1. Including "Treatment of Dalits" as a barometer to
judge SAARC members' commitment to human rights.

2. Allocation of separate seats in the Pakistani
parliament and provincial assemblies for Scheduled
Castes in accordance with their population to ensure
that their voice is heard. (It asks for four seats in
the National Assembly, four in the Sindh Assembly, two
in the Punjab Assembly and one each in the NWFP and
Balochistan Assemblies exclusively for Scheduled

3. The constitution of a National Commission on
Scheduled Castes to hear complaints of caste and
racial discrimination and take necessary and required

4. Adequate representation of Dalits in national
institutions and departments and jobs in both the
Federal and Provincial government services.

5. Allocation of land to landless Dalit peasants on a
priority basis, including arranging for ancestral
lands of the Dalits in Tharparker district
'fraudulently occupied by caste people' to be given
back to them.

6. Creation of a separate fund for helping the
destitute, orphans, widows and poor people belonging
to the Scheduled Castes under the Pakistan Ba'it-ul
Mal in accordance with their population.

7. Legal protection of the Scheduled Castes from being
threatened, exploited, victimized, and dislodged from
their ancestral lands on any pretext which is directly
or indirectly connected to caste prejudice, by
providing them easy access to legal remedies.

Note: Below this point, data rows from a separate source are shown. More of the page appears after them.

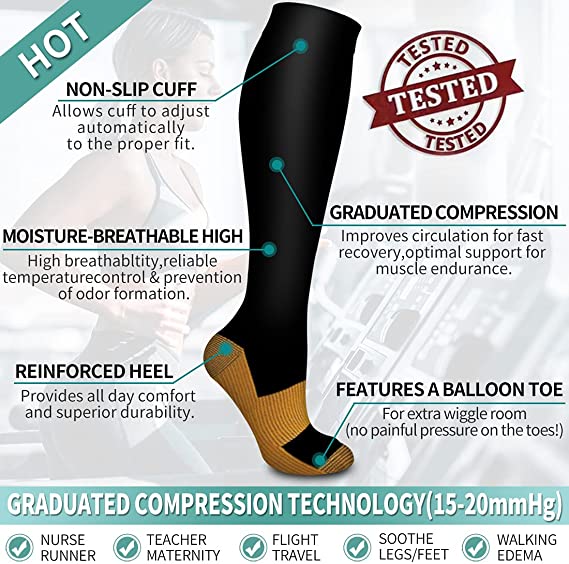 Size S-XXL Compression Socks M - Crossfit Training บทวิจารณ์และราคา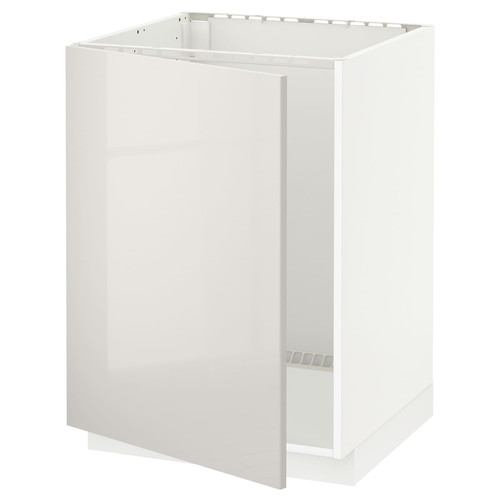 METOD Base cabinet for sink, white/Ringhult light grey, 60x60 cm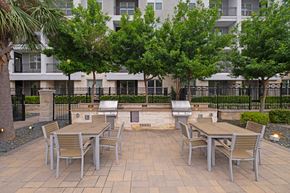San Antonio apartment for rent - A patio with a table and chairs and a fire pit.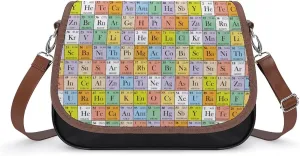 Periodic Table Trendy Crossbody Bags Purses for Women Casual Shoulder Handbags with Adjustable Wide Strap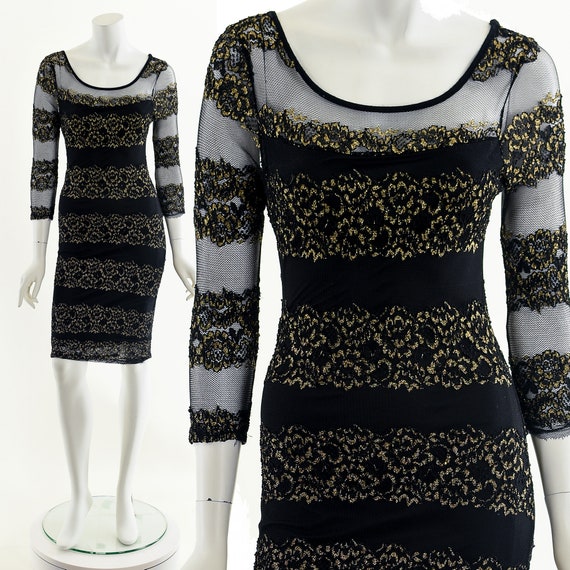 Black and Gold Mesh Bodycon Dress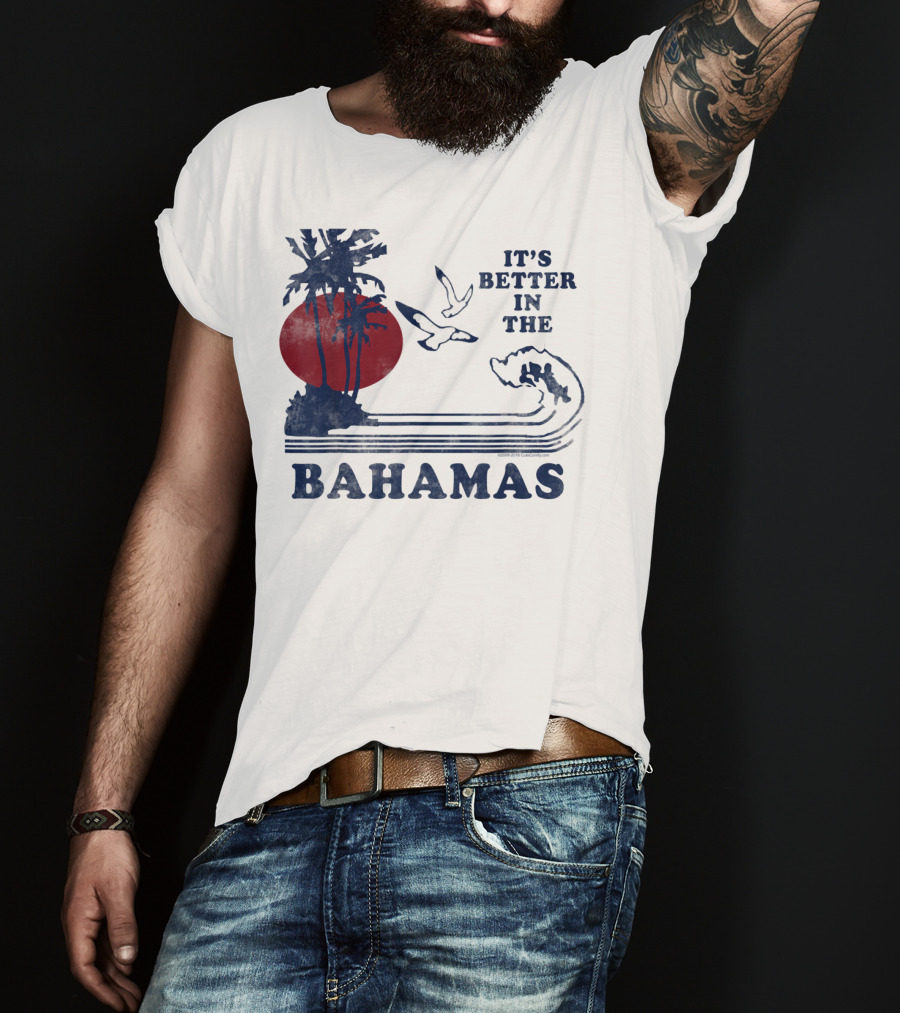 It's Better In The Bahamas Vintage 80S 70S Palm Trees Sunset T-Shirt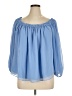 INC International Concepts 100% Polyester Blue 3/4 Sleeve Blouse Size XL - photo 1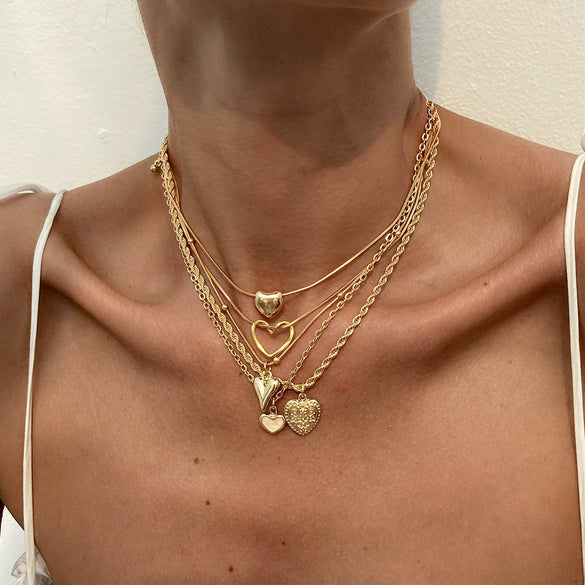Punk Style Alloy Pendant Necklace With Heart And Star Shapes Electroplated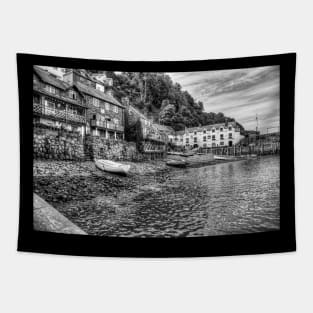 Clovelly Harbour And Houses, North Devon, England, Black And White Tapestry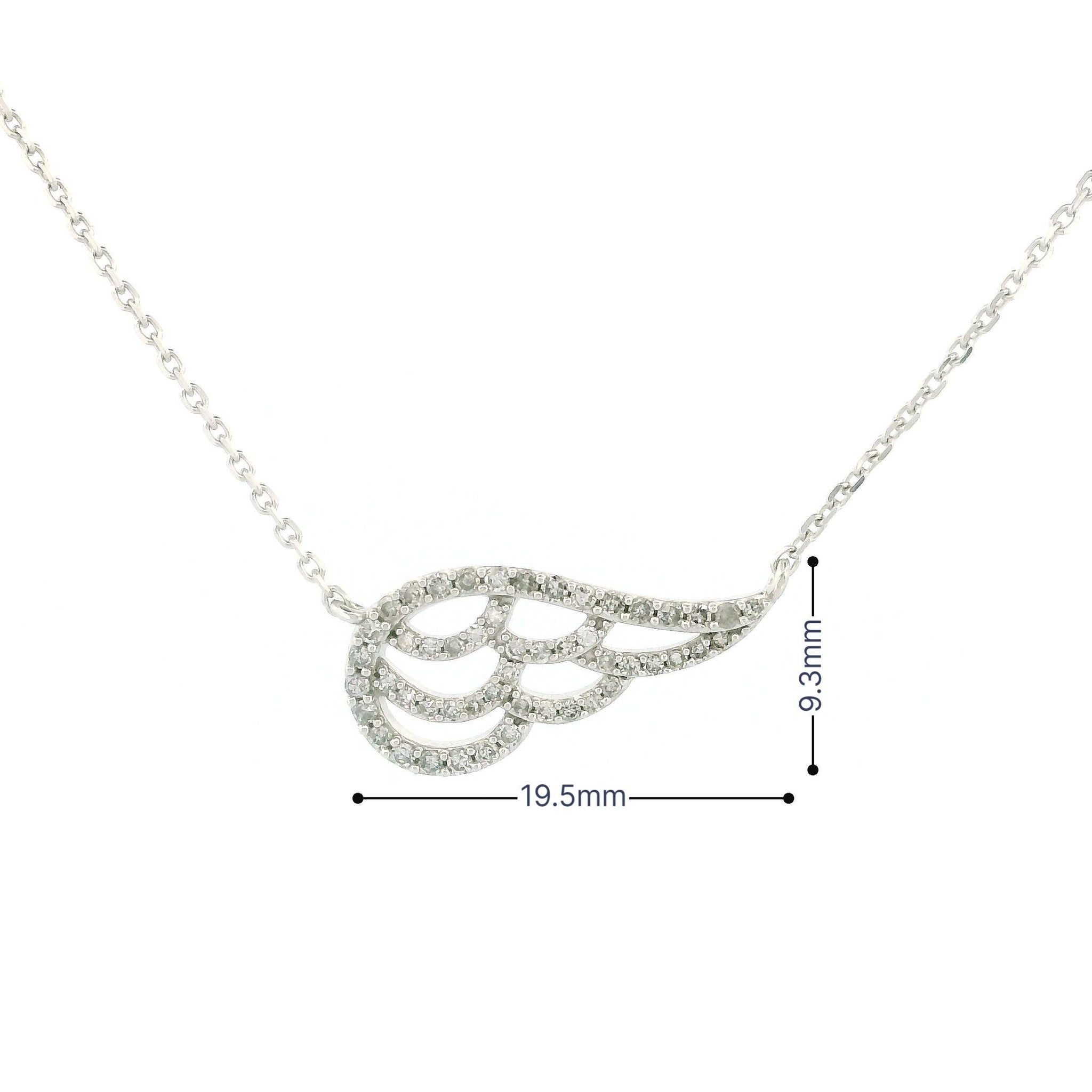 10K White Gold Angel Wing Diamond Necklace – Dainty Natural Diamond Pendant, Minimalist Jewelry, Guardian Angel Gift for Her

In a second online petition addressed to the
President, Prime Minister and Parliament of Pakistan,
the SCFP appeals for the official recognition of the
Scheduled Castes as a separate minority community from
the Hindus. It argues that the clubbing together of
the Scheduled Castes as part of the Hindu community
has only helped the small 'upper' caste Hindu
minority. It insists that protective discrimination
for the Dalits is essential to realising the dreams of
the founders of Pakistan. It approvingly quotes
Muhammad Ali Jinnah, the founder of Pakistan, as
having publicly declared:

'I can tell my friends of the Scheduled Castes that at
no time have I overlooked their interests and position
and I may claim that in the past I have done all I
could to help them, and I always stand for their
protection and safeguard in any future scheme of
constitution for I think that the wrongs and
injustices inflicted on them should not be allowed to
continue under any civilised form of government'.

The SCFP's online petitions seem to have generated
considerable debate in Dalit circles, and several
messages of support have been received from Indian
Dalit groups. For Indians and Pakistanis looking for
ways to work together, this perhaps is an appropriate
way to start. Building alliances across borders on
issues of common concern, the Dalit movement in India
and Pakistan could possibly show the way forward.